With both ends included, transcribe exactly the records below from their first line to the line that contains "鄭州職業(yè)學院會議室設(shè)計裝修效果圖".

_Stored entries_:
Start of Block

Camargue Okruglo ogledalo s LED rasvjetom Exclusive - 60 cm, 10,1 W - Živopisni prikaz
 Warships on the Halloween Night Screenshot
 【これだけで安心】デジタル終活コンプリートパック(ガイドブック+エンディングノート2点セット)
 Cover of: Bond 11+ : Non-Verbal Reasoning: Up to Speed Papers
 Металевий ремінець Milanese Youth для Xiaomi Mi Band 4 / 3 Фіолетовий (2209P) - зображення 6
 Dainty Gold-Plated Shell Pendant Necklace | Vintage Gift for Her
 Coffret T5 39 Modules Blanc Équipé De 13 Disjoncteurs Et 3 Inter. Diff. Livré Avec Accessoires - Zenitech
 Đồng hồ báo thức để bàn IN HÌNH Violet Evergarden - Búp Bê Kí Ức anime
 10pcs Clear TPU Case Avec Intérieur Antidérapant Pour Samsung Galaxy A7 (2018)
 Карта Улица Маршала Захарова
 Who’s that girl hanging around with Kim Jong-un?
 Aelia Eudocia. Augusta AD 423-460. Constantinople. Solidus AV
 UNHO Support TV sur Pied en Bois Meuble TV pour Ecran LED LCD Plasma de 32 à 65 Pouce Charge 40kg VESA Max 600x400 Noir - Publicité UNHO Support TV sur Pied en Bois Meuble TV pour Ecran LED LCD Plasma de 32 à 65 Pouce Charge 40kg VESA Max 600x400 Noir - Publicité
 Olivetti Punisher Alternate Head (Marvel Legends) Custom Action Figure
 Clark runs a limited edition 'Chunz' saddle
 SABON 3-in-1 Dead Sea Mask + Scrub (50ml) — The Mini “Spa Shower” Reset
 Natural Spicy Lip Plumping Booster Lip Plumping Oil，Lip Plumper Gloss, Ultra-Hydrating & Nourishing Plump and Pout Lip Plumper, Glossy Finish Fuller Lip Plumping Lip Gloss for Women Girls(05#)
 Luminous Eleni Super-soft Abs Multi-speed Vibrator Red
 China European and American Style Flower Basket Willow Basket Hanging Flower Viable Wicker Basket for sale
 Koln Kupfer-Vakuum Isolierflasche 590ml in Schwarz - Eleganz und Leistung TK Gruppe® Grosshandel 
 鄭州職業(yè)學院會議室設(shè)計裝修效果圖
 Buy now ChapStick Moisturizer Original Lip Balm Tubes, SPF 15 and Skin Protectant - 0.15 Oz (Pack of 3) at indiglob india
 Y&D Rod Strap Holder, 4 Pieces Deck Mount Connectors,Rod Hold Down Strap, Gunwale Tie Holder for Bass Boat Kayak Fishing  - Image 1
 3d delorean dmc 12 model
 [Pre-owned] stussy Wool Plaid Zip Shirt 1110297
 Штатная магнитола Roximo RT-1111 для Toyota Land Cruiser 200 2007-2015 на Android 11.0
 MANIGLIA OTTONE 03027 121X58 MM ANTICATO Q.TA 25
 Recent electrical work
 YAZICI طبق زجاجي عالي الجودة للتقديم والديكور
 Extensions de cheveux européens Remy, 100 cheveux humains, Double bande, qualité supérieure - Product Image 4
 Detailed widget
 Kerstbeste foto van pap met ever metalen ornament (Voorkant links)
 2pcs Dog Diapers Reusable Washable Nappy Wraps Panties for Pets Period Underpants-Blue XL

End of Block

_EXERCISE RESULT_:
Camargue Okruglo ogledalo s LED rasvjetom Exclusive - 60 cm, 10,1 W - Živopisni prikaz
 Warships on the Halloween Night Screenshot
 【これだけで安心】デジタル終活コンプリートパック(ガイドブック+エンディングノート2点セット)
 Cover of: Bond 11+ : Non-Verbal Reasoning: Up to Speed Papers
 Металевий ремінець Milanese Youth для Xiaomi Mi Band 4 / 3 Фіолетовий (2209P) - зображення 6
 Dainty Gold-Plated Shell Pendant Necklace | Vintage Gift for Her
 Coffret T5 39 Modules Blanc Équipé De 13 Disjoncteurs Et 3 Inter. Diff. Livré Avec Accessoires - Zenitech
 Đồng hồ báo thức để bàn IN HÌNH Violet Evergarden - Búp Bê Kí Ức anime
 10pcs Clear TPU Case Avec Intérieur Antidérapant Pour Samsung Galaxy A7 (2018)
 Карта Улица Маршала Захарова
 Who’s that girl hanging around with Kim Jong-un?
 Aelia Eudocia. Augusta AD 423-460. Constantinople. Solidus AV
 UNHO Support TV sur Pied en Bois Meuble TV pour Ecran LED LCD Plasma de 32 à 65 Pouce Charge 40kg VESA Max 600x400 Noir - Publicité UNHO Support TV sur Pied en Bois Meuble TV pour Ecran LED LCD Plasma de 32 à 65 Pouce Charge 40kg VESA Max 600x400 Noir - Publicité
 Olivetti Punisher Alternate Head (Marvel Legends) Custom Action Figure
 Clark runs a limited edition 'Chunz' saddle
 SABON 3-in-1 Dead Sea Mask + Scrub (50ml) — The Mini “Spa Shower” Reset
 Natural Spicy Lip Plumping Booster Lip Plumping Oil，Lip Plumper Gloss, Ultra-Hydrating & Nourishing Plump and Pout Lip Plumper, Glossy Finish Fuller Lip Plumping Lip Gloss for Women Girls(05#)
 Luminous Eleni Super-soft Abs Multi-speed Vibrator Red
 China European and American Style Flower Basket Willow Basket Hanging Flower Viable Wicker Basket for sale
 Koln Kupfer-Vakuum Isolierflasche 590ml in Schwarz - Eleganz und Leistung TK Gruppe® Grosshandel 
 鄭州職業(yè)學院會議室設(shè)計裝修效果圖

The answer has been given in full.